Le fait est qu’alors que par le passé, nombre de discours politiques, articles de journaux, conférences etc… parlaient du futur, presque dans une attente impatiente de voir ce qu’il allait se passer, aujourd’hui nous sommes bien souvent bloqués dans un présentisme qui nous empêche de penser ce futur. Et lorsque l’on tente de penser à long, on ne va finalement pas très loin, quelques années, au mieux une dizaine d’année - pensez au plan “Europe 2020” adopté en 2010 ou des Objectifs du développement durable ou Agenda 2030 adoptés par les Nations Unies en 2015. Il suffit de voir les archives de l’INA pour voir des vidéos d’archives “L’an 2000 vu par les jeunes” datant des années 1960. L’an 2000 était le centre de multiples fantasmes. Changement de siècle, de millénaire, une fois atteint, nous nous sommes retrouvés face au manque de vision à long terme et - dans notre monde occidental - à la peur du fameux “déclin” de notre confort devenu un acquis civilisationnel.

Car souvent, on ne va pas plus loin que l’idée que la fin des temps approche, et on retrouve en réalité une pensée prémoderne, ou le temps était corrupteur, le paradis derrière nous, et où chaque jour nous rapprochait de la fin du monde.

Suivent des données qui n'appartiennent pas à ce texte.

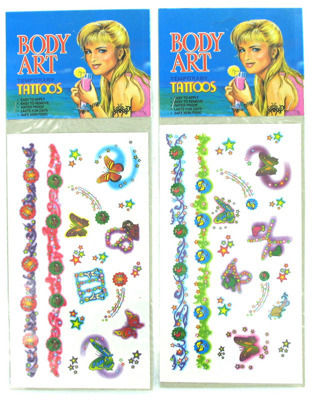 Glitter Temporary Tattoos Case Pack 96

C’était les représentations de la tradition, où l’homme était déchu, tombé du paradis. Il souffrait dans le monde, et attendait dans la souffrance que sonne le glas du jugement dernier. Mais la vision moderne des philosophes des Lumières a inversé notre représentation du temps, et au lieu de penser que chaque matin, nous nous rapprochions de l’ultime échéance, on a imaginé qu’à chaque levé du jour, le monde serait un peu mieux que celui que nous avions laissé la veille. Est apparue l’idée du progrès, où les hommes, ensemble, allaient construire le monde dont-ils rêvaient. Mais aujourd’hui, on ne veut plus du futur, et cette charmante rhétorique semble bel et bien enterrée derrière nous.

Pourtant aujourd’hui, de nombreux colloques et autres conférences ont lieu sur l’idée du futur, sur demain, comme si on attendait une réponse claire et concise. Une réponse concrète. “Dans le futur il va se passer ça”. Donc ce qui change avec la disparition de l’idée de progrès - remplacée par l’idée d’innovation - est que l’on ne désire plus le futur, on se le représente toujours, on tente de se projeter mais sans la sensation de pouvoir agir dessus. Avec la philosophie des Lumières, l’idée de progrès a motivé des siècles et des siècles de vies humaines toutes croyant en un futur toujours plus radieux pour leurs enfants et, pour Kant, a donné un sens au sacrifice laborieux qu’il requiert pour l’atteindre. Le temps devenait alors constructeur. Or force est de constater que le mot “progrès” a peu à peu disparu derrière la notion d’innovation, aujourd’hui omniprésente. L’innovation est cependant vu comme “le meilleur moyen dont nous [les Européens] disposions pour résoudre les principaux problèmes auxquels nous sommes confrontés et qui chaque jour se posent de manière plus aiguë” (introduction du rapport “Europe 2020”), comme une manière d’éviter que le monde ne se défasse. Notre rhétorique sur l’innovation s’appuie donc sur l’idée d’un temps corrupteur, qui nous amène vers le pire. Le temps dégrade les êtres et l’innovation va nous permettre d’empêcher cette dégradation. Ainsi il est étonnant de remarquer que l’on parle, au XXIème siècle, du temps comme on en parlait avant les Lumières. 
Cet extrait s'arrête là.